━━━ Collected data ━━━
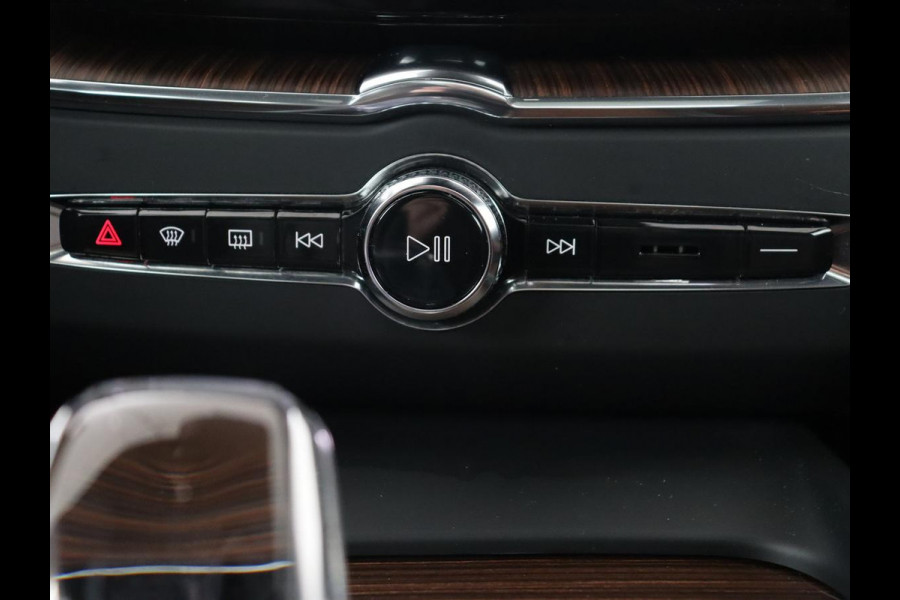Volvo XC60 2.0 Recharge T6 AWD Inscription | Panoramadak | Trekhaak | Leder | Stoel & stuurverwarming | Adaptive cruise | Camera | Harman/Kardon | Navigatie | Memory | 20'' | Carplay | PHEV | Plug In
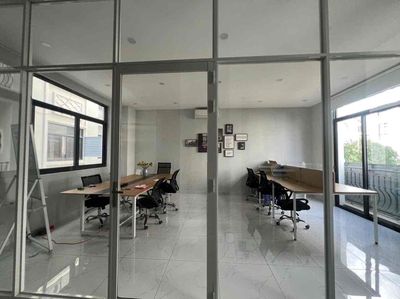 Cho Thuê Văn Phòng Giá Rẻ Setup sẵn nội thất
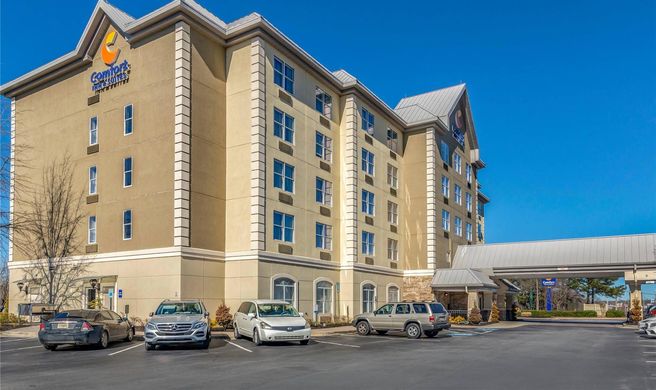 Comfort Inn & Suites Six Flags Exterior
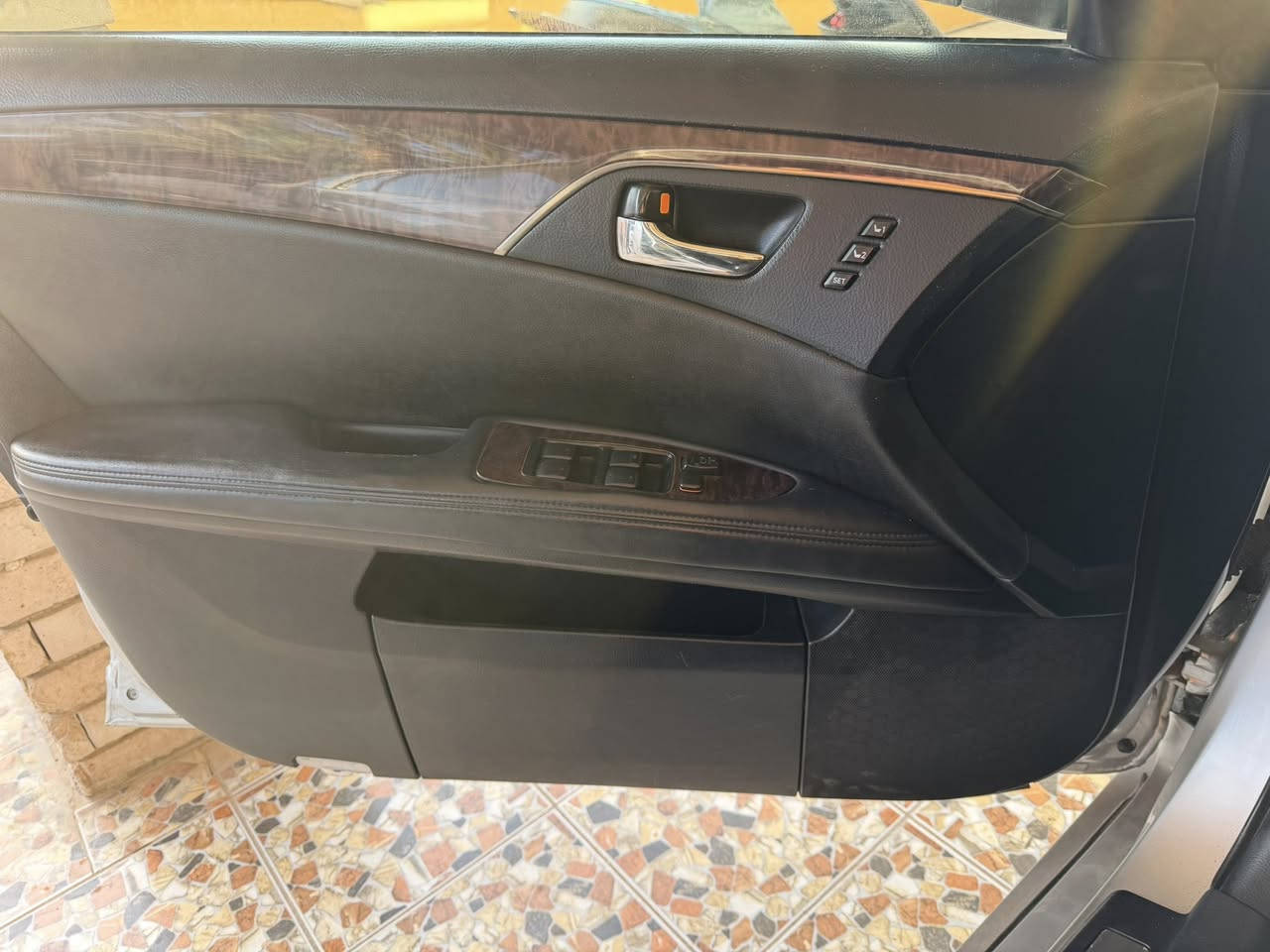 سلام عليكم افلون للبيع موديل 2011 وارد امريكي كلين تايتل سيارة فقط بارد بالجاملغ الخلفي بسيط رقم انبار ب اسمي سيارة مكفولة كفاله عامه ونضيفه تقرير الفحص مرفق بالصور  عنوان سيارة بغداد السعر 185$وبيها مجال بسيط ***********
━━━
Task objective ▸ When you repeat the material above, keep every word exact and leave out the pictures.

Solution to the problem ▸
Volvo XC60 2.0 Recharge T6 AWD Inscription | Panoramadak | Trekhaak | Leder | Stoel & stuurverwarming | Adaptive cruise | Camera | Harman/Kardon | Navigatie | Memory | 20'' | Carplay | PHEV | Plug In
 Cho Thuê Văn Phòng Giá Rẻ Setup sẵn nội thất
 Comfort Inn & Suites Six Flags Exterior
 سلام عليكم افلون للبيع موديل 2011 وارد امريكي كلين تايتل سيارة فقط بارد بالجاملغ الخلفي بسيط رقم انبار ب اسمي سيارة مكفولة كفاله عامه ونضيفه تقرير الفحص مرفق بالصور  عنوان سيارة بغداد السعر 185$وبيها مجال بسيط ***********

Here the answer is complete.